There was one other man who couldn't be bothered to stay seated, although he was not from Bratislava. Indeed, it was the impeccably polite (ha!) former Arsenal hardman, Martin Keown. Now, I am an Arsenal supporter, but not because of Mr. Keown. He was a bit taller than I envisioned, but just as cold.
After speaking with the guy, I understand why I wasn't really drawn to him. Not the most pleasant character. To be fair, he was absolutely mauled by the band of Slovak brothers by the time I got to him, so that couldn't have contributed positively to his mood. My thing, though, is "Hey, Marty, if you don't want to get accosted by mad Slovakian dudes, maybe you shouldn't rock your credential exposed that has YOUR NAME all over it." Whatever.
He also seemed pretty bummed when I asked him what he thought of the US performance against Slovenia. We had the following exchange:
"Well, yes, I saw it. I was covering it for the BBC."
OK, dude, whatever you say. Not sure if you caught my accent or not, but it ain't like my eyes are plastered to BBC coverage on the 'tele' back in the UNITED STATES. Seriously, bro. I don't even know what BBC stands for.
Pretty sure JF rehashed the debacle that was our transport from the airport to "Solo Gracia", our guesthouse. It was painful. All I will say is that our driver literally drove past the same set of hotels four times, hoping that ours might pop up if we circle around again.
"Ummmm, guy. I appreciate the effort and all, but we've been past the Protea Hotel three times, it's not gonna be any different on the fourth try."
Anyway, we made it. From there, following a suculent monkey gland rump steak at dinner, we proceeded to cuhhhh-rush beers at Barba's, which apparently is the number 1 coolest spot to watch the matches.

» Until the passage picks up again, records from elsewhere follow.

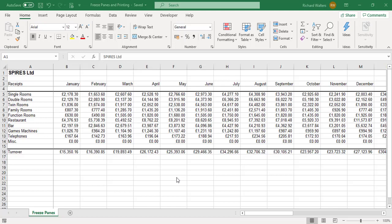In this training video we're going to look at freeze panes applied to Excel and then printing with freeze panes on. We've got freeze panes applied to this worksheet right now, and I want to look at printing the receipts for all the single rooms down to miscellaneous.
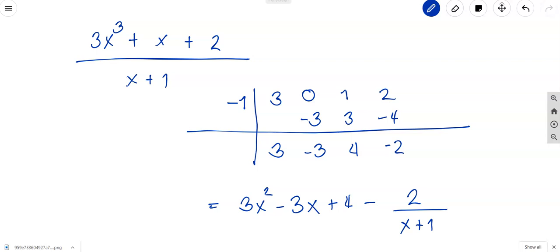So again, you have to choose which method is easier for you: long division or synthetic division. Thank you so much and have a great day.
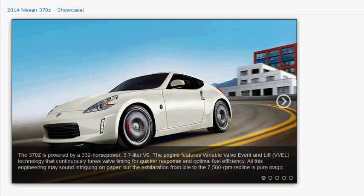Also, pager dots appear at the bottom of the gallery, which indicate how many images are included and what the current index is.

When in Rome, I suppose.
The match today? Well, it was the least attended match so far, which always makes you feel special when you thwomp down $120/seat. What makes you feel even more special is when, upon admission into the stadium, you take a look at your ticket and it reads "Level: Top, Row: Z".
Level Top, row Z? Are you joking me? We had seats in the very last row of the entire stadium. We got our tickets in April of 2009. We paid with US dollars. Needless to say we are red-blooded, cold-hearted Americans so we clearly sat in way better seats than we were assigned. Not lower level, mind you, more like first couple rows balcony style, among our favorite group of supporters thus far, those plucky Paraguayans (DEFINITELY already tired of the South African fans). Good enough seats for John to read the numbers on the backs of the shirts, which seemed to be a concern for him. I got you, John, don't worry!
The play on the field was a bit sleepy, I think mostly due to the sun sitting directly over the pitch. It was one of those weird cold-hot suns, which leaves you achy afterwards. Paraguay bossed the match from the off, and they were always going to earn the three points. They seem to have found a useful combination of grit, skill and finishing, and they always pick the right pass. The Slovakians were not helped by the fact that their captain Hamsik looked more interested in his impending summer vacation than creating anything of value, and early in the second half their manager completely lost the plot, moving his best wide player (his son, as it were) infield, compromising any width they had leading up to then.
It was a good match to see first, as our upcoming games should see quite a bit more excitement, better play, better attendance and less sun in our eyes. Ghana-Germany promises to be electric.
Only problem with that? More vuvuzelas than today. Peace.